■ **DATASET RECORDS**
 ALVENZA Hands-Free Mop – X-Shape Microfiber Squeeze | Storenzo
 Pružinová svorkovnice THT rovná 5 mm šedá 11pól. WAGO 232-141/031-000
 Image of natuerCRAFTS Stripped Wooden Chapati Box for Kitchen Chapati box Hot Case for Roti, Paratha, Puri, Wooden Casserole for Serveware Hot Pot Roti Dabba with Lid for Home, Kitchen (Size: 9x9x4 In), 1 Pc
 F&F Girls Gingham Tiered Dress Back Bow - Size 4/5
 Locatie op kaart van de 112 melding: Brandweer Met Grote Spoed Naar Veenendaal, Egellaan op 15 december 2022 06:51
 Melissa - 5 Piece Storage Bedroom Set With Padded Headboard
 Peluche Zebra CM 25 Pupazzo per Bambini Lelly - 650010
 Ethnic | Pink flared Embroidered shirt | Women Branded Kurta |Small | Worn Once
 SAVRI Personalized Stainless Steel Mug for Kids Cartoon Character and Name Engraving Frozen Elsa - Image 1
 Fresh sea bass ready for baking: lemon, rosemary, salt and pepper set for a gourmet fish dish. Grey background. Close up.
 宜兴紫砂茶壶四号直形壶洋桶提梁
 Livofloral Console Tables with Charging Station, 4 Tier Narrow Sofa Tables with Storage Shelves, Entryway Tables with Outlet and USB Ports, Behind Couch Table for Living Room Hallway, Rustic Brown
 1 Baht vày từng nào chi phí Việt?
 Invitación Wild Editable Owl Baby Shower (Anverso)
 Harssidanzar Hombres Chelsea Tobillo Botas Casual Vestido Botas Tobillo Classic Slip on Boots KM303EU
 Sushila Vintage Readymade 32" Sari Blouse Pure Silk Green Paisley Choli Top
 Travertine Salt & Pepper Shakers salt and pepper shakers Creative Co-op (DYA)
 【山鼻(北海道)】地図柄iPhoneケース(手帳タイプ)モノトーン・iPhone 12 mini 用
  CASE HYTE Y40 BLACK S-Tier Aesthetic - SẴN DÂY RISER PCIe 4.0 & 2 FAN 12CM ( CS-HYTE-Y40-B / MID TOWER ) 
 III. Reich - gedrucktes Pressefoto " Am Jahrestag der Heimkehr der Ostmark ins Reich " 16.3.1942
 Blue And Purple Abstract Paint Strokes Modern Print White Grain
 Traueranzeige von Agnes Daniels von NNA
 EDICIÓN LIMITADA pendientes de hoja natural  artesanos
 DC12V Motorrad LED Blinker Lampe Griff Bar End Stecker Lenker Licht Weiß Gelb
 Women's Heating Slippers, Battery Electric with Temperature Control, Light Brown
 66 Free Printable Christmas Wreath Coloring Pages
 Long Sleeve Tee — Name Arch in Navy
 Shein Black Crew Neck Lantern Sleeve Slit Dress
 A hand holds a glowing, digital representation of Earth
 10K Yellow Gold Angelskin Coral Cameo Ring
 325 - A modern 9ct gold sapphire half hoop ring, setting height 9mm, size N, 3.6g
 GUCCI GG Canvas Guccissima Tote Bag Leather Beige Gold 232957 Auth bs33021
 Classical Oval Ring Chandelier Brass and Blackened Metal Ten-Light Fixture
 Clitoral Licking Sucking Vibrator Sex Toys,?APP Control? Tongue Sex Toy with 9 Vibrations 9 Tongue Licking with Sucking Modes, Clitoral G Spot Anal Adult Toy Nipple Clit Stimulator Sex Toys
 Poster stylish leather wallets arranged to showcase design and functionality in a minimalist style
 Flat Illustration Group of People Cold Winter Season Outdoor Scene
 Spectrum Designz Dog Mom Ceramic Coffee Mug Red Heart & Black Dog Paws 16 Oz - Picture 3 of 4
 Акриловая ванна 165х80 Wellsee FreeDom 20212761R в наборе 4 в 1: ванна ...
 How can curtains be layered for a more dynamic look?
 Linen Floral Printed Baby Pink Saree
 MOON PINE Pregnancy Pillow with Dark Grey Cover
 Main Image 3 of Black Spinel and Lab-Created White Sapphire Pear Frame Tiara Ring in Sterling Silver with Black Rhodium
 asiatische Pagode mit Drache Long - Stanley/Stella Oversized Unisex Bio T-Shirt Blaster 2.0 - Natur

■ **EXERCISE GOAL**
Begin at the line that has "Traueranzeige von Agnes Daniels von NNA" in the entries above; stop after the line that has "Clitoral Licking Sucking". Transcribe exactly those lines and no others.

■ **ANSWER TO THE EXERCISE**
 Traueranzeige von Agnes Daniels von NNA
 EDICIÓN LIMITADA pendientes de hoja natural  artesanos
 DC12V Motorrad LED Blinker Lampe Griff Bar End Stecker Lenker Licht Weiß Gelb
 Women's Heating Slippers, Battery Electric with Temperature Control, Light Brown
 66 Free Printable Christmas Wreath Coloring Pages
 Long Sleeve Tee — Name Arch in Navy
 Shein Black Crew Neck Lantern Sleeve Slit Dress
 A hand holds a glowing, digital representation of Earth
 10K Yellow Gold Angelskin Coral Cameo Ring
 325 - A modern 9ct gold sapphire half hoop ring, setting height 9mm, size N, 3.6g
 GUCCI GG Canvas Guccissima Tote Bag Leather Beige Gold 232957 Auth bs33021
 Classical Oval Ring Chandelier Brass and Blackened Metal Ten-Light Fixture
 Clitoral Licking Sucking Vibrator Sex Toys,?APP Control? Tongue Sex Toy with 9 Vibrations 9 Tongue Licking with Sucking Modes, Clitoral G Spot Anal Adult Toy Nipple Clit Stimulator Sex Toys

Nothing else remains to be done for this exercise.